• [TASK] Pictures in the entries below are excluded; copy only the lines from the one containing "Çamaşır odasında çamaşır" to the one containing "A bed with white", both included.

• [LISTED ENTRIES]
┌──

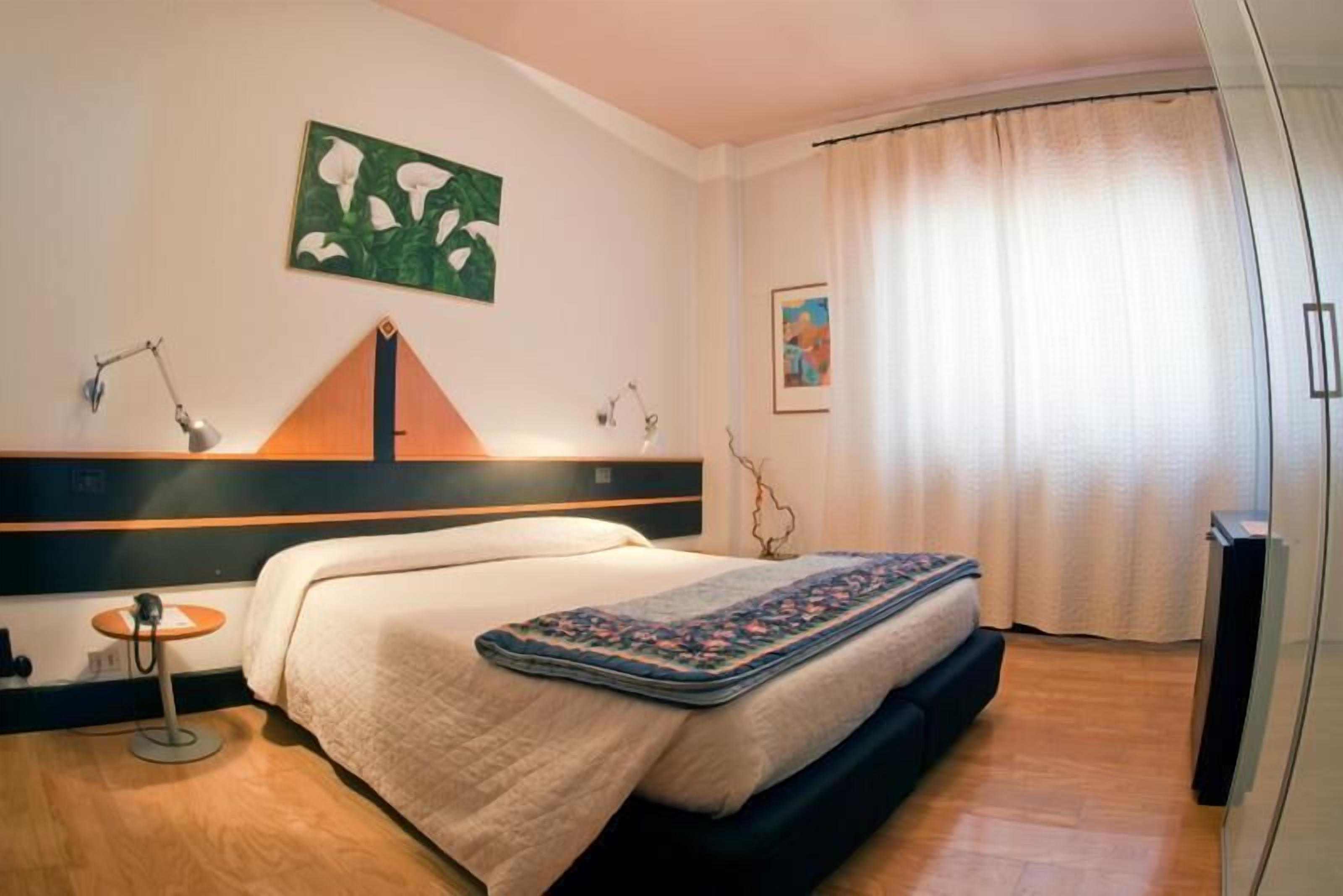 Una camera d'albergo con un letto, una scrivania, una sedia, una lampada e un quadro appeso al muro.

└──
┌──

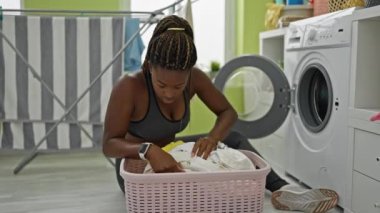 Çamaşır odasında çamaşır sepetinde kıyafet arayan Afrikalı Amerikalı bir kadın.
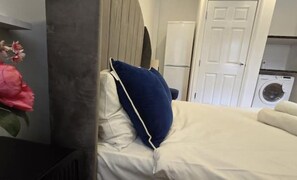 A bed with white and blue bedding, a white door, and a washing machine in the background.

└──

• [WORKED SOLUTION]
 Çamaşır odasında çamaşır sepetinde kıyafet arayan Afrikalı Amerikalı bir kadın.
 A bed with white and blue bedding, a white door, and a washing machine in the background.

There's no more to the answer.